Exercise materials >>
╔══

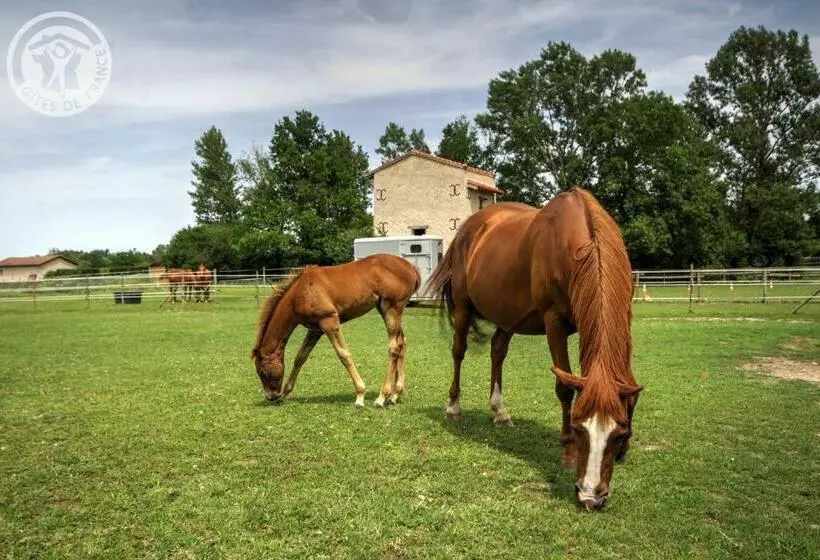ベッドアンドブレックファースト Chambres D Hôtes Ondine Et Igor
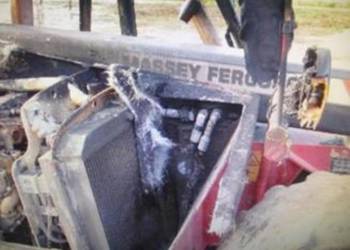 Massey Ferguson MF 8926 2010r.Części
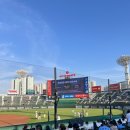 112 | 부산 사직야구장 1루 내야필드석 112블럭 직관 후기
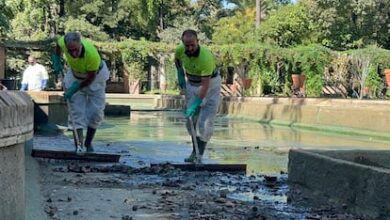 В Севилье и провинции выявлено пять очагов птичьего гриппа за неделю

╚══
╔══

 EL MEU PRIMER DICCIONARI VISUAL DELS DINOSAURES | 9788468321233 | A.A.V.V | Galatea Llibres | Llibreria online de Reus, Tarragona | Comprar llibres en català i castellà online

╚══

To do >> From the records above, transcribe only the stretch from the line with "112 | 부산 사직야구장 1루 내야필드석 112블럭 직관 후기" through the line with "В Севилье и", keeping both ends. Omit pictures.

Task answer >>
 112 | 부산 사직야구장 1루 내야필드석 112블럭 직관 후기
 В Севилье и провинции выявлено пять очагов птичьего гриппа за неделю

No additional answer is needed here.